After I tuned my pipeline on test images, I ran it on a video stream. To keep track of parameters and other information I defined Line()
and Boundaries()
classes in cell #28 to keep track of all the interesting parameters I measure from frame to frame and use that information to remove outliers and remove jitters in the results.
Here is an example of the final video. The pipeline performed reasonably well on the entire project video. There were wobbly lines at some times that are ok but there were no catastrophic failures that would cause the car to drive off the road.
The pipeline didn't perform well on the challenging videos. I applied these improvements to the pipeline to improve the results.
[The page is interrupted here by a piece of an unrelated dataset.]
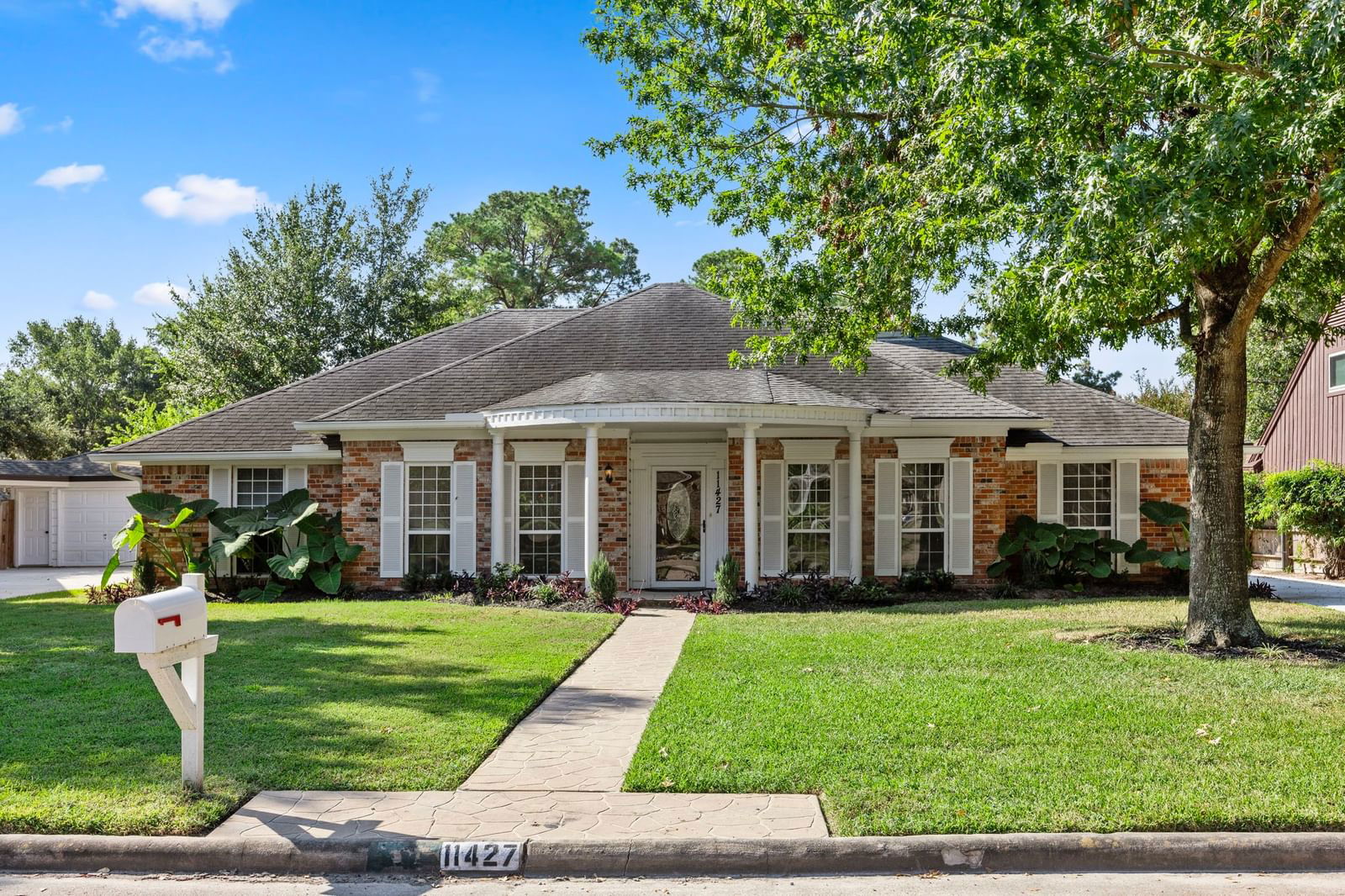 Real estate property located at 11427 Valley Stream, Harris, Sherwood Oaks, Houston, TX, US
- Sanity Check: When I calculate the new parameters for a new frame I check to make sure the parameters make sense. I considered these sanity checks for this purpose:
- Checking that the left and right lines have similar curvature
- Checking that the left and right lines are separated by approximately the right distance horizontally
- Checking that left and right lines are roughly parallel
-
Reset: If sanity checks reveal that the lane lines are problematic, I retain the previous positions from the frame prior and step to the next frame to search again. If I lose the lines for several frames in a row (currently set to 10), I start searching from scratch using a histogram and sliding window.
-
Smoothing: Line detections will jump around from frame to frame a bit and it can be preferable to smooth it to obtain a cleaner result. I use a weighted moving average low-pass filter to smooth the lane parameters over frames. I do weighted average of the new parameters and the parameters from the last frame.
Here are the video results for the challenging videos:
This project shows that with just a camera and some simple image processing we can extract valuable information from an image or video that can potentially be fed into more sophisticated self-driving car algorithms.
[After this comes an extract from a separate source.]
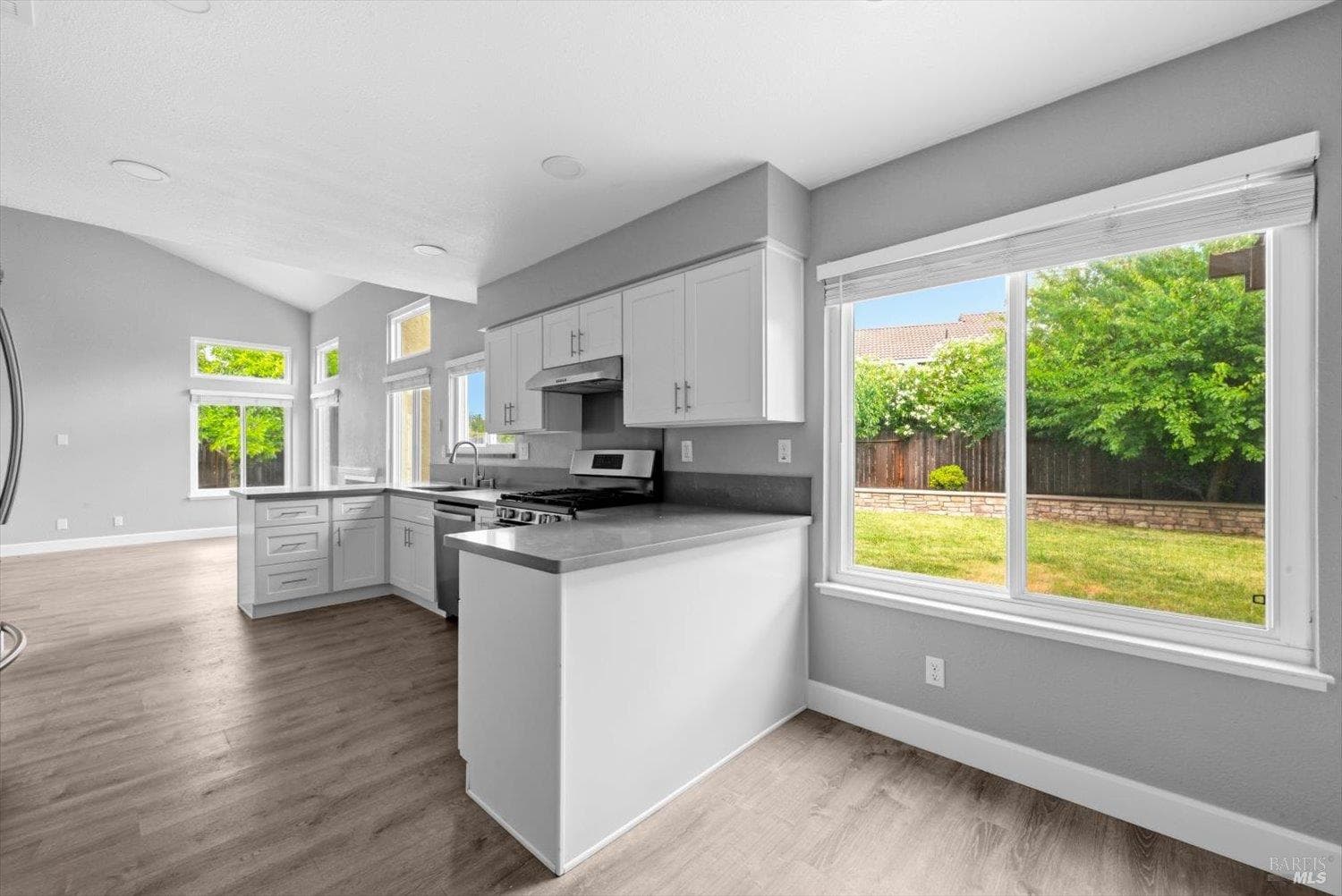 1106 Peppertree Court thumbnail 16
The pipeline will likely degrade in performance in this scenarios:
- Sharp turns and large curvatures
- Going up or down the hill
- Lane marketings that are not clearly visible, for example due to color contrast
- Lane obstruction by other cars
What can we do to make the pipeline more robust? Here are a few suggestions:
- We can force constrains when fitting polynomials. In the current pipeline we are finding the left and right polynomials independent of each other and then later reject them if they don't pass the sanity checks. We can use these constraints when calculating the parameters. For example, can force the two polynomials to be parallel to each other when looking at the histogram and fitting polynomials.
- We can calculate a confidence number for our estimation for each line and use that when calculating the new best fit by doing weighted average in the low pass filter. In this case, the weights will be a function of the confidence number.
- We can improve warping by dynamically adjusting the source points (calibrating).
- Low pass filtering introduces delay in response to sharp turns. We can adjust the los pass filter weights to make it faster when the car is moving on roads with sharp turns.